__Your assignment__: Once the pictures are set aside, copy the data below exactly as it stands.

__Data shown__:
○ ○ ○ ○

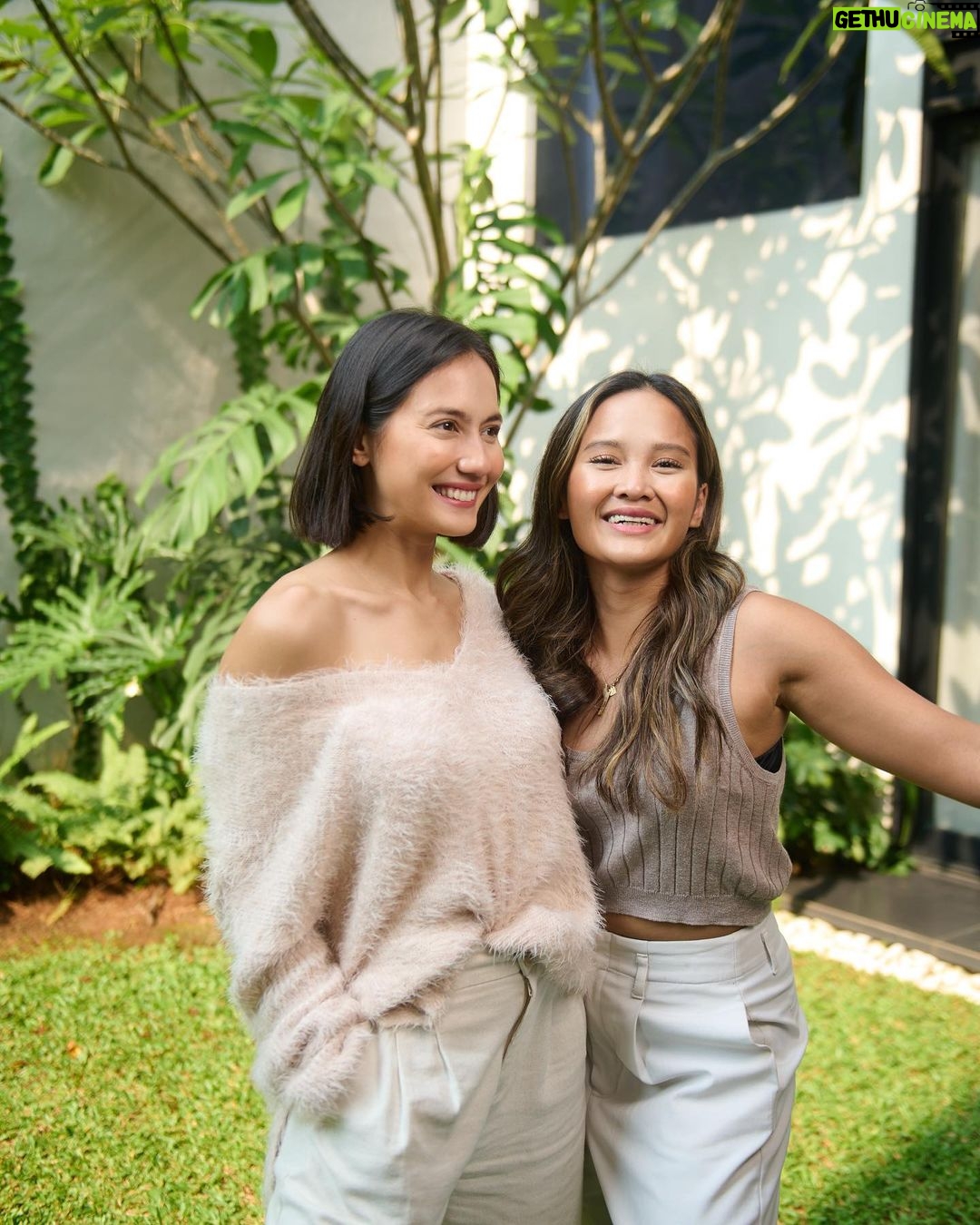 Pevita Pearce Instagram - Mau cerita boleh? This is my highschool bestfriend since 2010 -namanya Livy. Kita dari 2016-2017 punya mimpi bikin project bareng tapi kita takut. Kita ngerasa kita ngga cukup kompeten dan kita scared of the unknown. But then we had an epiphany - ngga ada yang lebih sakit dari pada ngga berusaha sama sekali. Jadi di 2020 we decided to take a leap of faith untuk bikin company dan kejar mimpi kita. Fast forward 3 tahun kemudian, here we are, dan mimpi kita udah mau release! It's been an amazing journey filled with ups & downs. Thanks Livy for being my rock throughout this journey. Cheers the beginning of our dreams✨🤍 This post is a reminder for you to take a leap and make your dreams a reality! (Ngga bakal gampang tapi pasti akan worth it) ✨✨✨✨ THANK YOU FOR READING THIS 💘🤏🏻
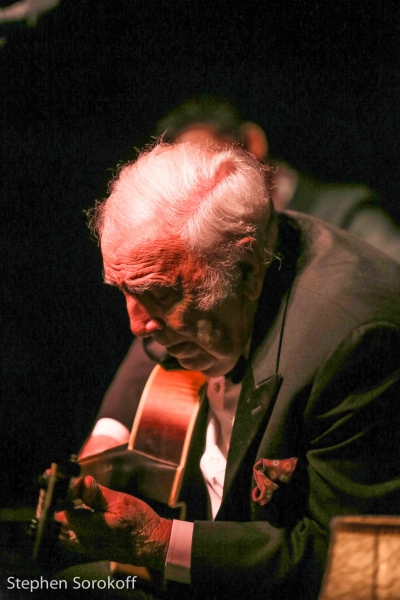 Photo Coverage: Bucky Pizzarelli Steps in for Jessica Molaskey at Cafe Carlyle Image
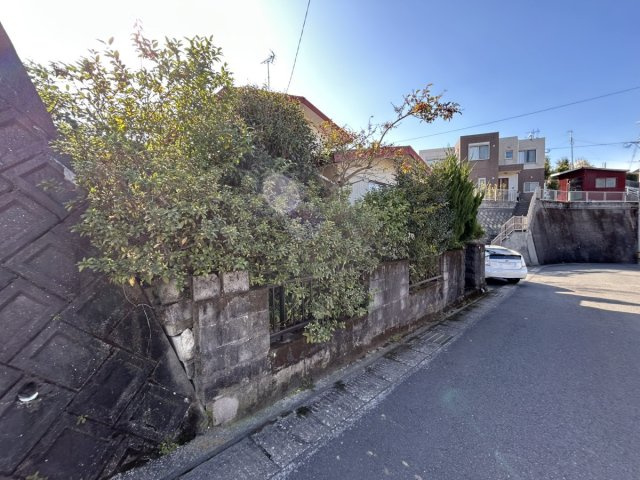 鹿児島県鹿児島市東坂元４丁目41-10の前面道路含む現地写真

○ ○ ○ ○

__Task solution__:
 Pevita Pearce Instagram - Mau cerita boleh? This is my highschool bestfriend since 2010 -namanya Livy. Kita dari 2016-2017 punya mimpi bikin project bareng tapi kita takut. Kita ngerasa kita ngga cukup kompeten dan kita scared of the unknown. But then we had an epiphany - ngga ada yang lebih sakit dari pada ngga berusaha sama sekali. Jadi di 2020 we decided to take a leap of faith untuk bikin company dan kejar mimpi kita. Fast forward 3 tahun kemudian, here we are, dan mimpi kita udah mau release! It's been an amazing journey filled with ups & downs. Thanks Livy for being my rock throughout this journey. Cheers the beginning of our dreams✨🤍 This post is a reminder for you to take a leap and make your dreams a reality! (Ngga bakal gampang tapi pasti akan worth it) ✨✨✨✨ THANK YOU FOR READING THIS 💘🤏🏻
 Photo Coverage: Bucky Pizzarelli Steps in for Jessica Molaskey at Cafe Carlyle Image
 鹿児島県鹿児島市東坂元４丁目41-10の前面道路含む現地写真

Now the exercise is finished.